French utility concern GDF Suez (GDFZY.PK) offers $9.5 billion for a 30 percent investment in British International Power (IPRPY.PK), but is turned down. As a consequence, GDF says now that it might just walk away.
Big beer news – a merger between Anheuser-Busch InBev (NYSE:BUD) and SABMiller (SBMRF.PK) might still happen, according to a word from Societe Generale to its clients. Such an event could be the biggest deal ever for the industry, and the recent decision of BUD to not exercise its option to acquire StarBev before Molson could make an offer, seems to be igniting the latest rumor.
FedEx (NYSE:FDX) grows its market share in Europe by snapping up Polish shipping company Opek Sp.z o.o. in a deal in which the price was not told. FedEx has opened 26 new European unit so far fiscal year 2012.

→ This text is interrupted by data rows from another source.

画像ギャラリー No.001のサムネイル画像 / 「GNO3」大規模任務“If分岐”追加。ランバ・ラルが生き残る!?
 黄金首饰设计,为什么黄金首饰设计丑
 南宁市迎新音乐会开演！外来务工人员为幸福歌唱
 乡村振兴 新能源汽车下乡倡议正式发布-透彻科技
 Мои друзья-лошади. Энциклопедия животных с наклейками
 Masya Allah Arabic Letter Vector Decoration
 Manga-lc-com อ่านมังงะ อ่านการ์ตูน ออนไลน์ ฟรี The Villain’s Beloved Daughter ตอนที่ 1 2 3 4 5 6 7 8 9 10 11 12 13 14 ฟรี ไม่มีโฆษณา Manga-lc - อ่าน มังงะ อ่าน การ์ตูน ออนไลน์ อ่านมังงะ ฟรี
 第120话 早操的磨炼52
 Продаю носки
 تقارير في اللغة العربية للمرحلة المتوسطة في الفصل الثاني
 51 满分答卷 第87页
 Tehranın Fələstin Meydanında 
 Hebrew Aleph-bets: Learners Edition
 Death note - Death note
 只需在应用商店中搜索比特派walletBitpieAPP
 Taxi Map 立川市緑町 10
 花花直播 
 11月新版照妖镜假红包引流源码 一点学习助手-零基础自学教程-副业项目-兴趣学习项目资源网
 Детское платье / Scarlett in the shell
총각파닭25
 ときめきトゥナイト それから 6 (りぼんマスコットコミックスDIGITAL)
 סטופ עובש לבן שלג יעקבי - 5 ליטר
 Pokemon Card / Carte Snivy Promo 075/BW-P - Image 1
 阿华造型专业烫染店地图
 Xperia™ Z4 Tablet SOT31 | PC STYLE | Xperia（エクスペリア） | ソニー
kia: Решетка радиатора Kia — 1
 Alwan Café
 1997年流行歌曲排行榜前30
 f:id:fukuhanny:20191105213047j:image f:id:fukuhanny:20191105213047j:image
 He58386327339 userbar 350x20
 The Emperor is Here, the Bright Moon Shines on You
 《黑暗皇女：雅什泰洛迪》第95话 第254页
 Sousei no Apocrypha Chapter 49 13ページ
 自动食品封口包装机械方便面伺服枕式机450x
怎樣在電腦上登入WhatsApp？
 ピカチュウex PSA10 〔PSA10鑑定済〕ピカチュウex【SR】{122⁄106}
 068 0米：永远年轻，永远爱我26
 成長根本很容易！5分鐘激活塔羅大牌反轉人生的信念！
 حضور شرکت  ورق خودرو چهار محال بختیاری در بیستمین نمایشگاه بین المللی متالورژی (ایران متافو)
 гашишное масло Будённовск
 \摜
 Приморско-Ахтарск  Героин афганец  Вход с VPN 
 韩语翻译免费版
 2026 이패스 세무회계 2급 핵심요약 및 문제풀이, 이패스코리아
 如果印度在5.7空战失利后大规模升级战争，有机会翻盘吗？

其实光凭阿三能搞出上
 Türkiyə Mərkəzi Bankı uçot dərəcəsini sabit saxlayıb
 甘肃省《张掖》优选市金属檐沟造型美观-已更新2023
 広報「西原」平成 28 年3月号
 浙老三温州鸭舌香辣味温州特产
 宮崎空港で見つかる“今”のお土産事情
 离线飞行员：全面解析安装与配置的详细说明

It just can’t help itself: Dell (NASDAQ:DELL) acquires its third tech company this week, by purchasing app modernization software provider Make Technologies. This deal follows the acquisitions of Wyse Technology and Celerity Solutions, and is scheduled for completion in its fiscal second quarter.
‘Our shoes cost less, and so does our company’, Payless Shoes parent Collective Brands (NYSE:PSS) seems to say as it prepares to have itself acquired at $20 to $22 a share, a price lower than any other U.S. retailer of apparel. Bloomberg remarks that the quote might be the highest price the company can get, as the range more than doubles the shares’ track record since the options review began in August. Regardless, prospective buyers would get a bargain: the company at a 62 percent discount to sales.
Shares of Great Wolf Resorts (NASDAQ:WOLF) up in early trading as the company is the center of a bidding competition. First, Apollo Global Management (NASDAQ:APO) offered $5 a share, and now KSL Capital Partners is bidding $6.25, which is at a 9.6 percent premium to Wednesday’s closing price.
A New England energy giant is in the making, as NStar (NYSE:NST) is granted final approval for its planned $5 billion linkup with Northeast Utilities (NYSE:NU). The Massachusetts Department of Utilities give the merger a thumbs up, clearing the way for the new company, which will serve 3.5 million gas and electric customers.
Does Delta (NYSE:DAL) want to go vertical by acquiring a refinery? Robert Campbell (Reuters) remarks that if the chatter is accurate, it would be “an amazing, and baffling, proposal…” Such a linkup would cause the carrier’s exposure to oil and fuel prices to worsen, besides the inconvenient fact that its management has no experience in the volatile sector that endures fierce rivalry and overcapacity issues. But other than that, Mrs Lincoln, how did you enjoy the play?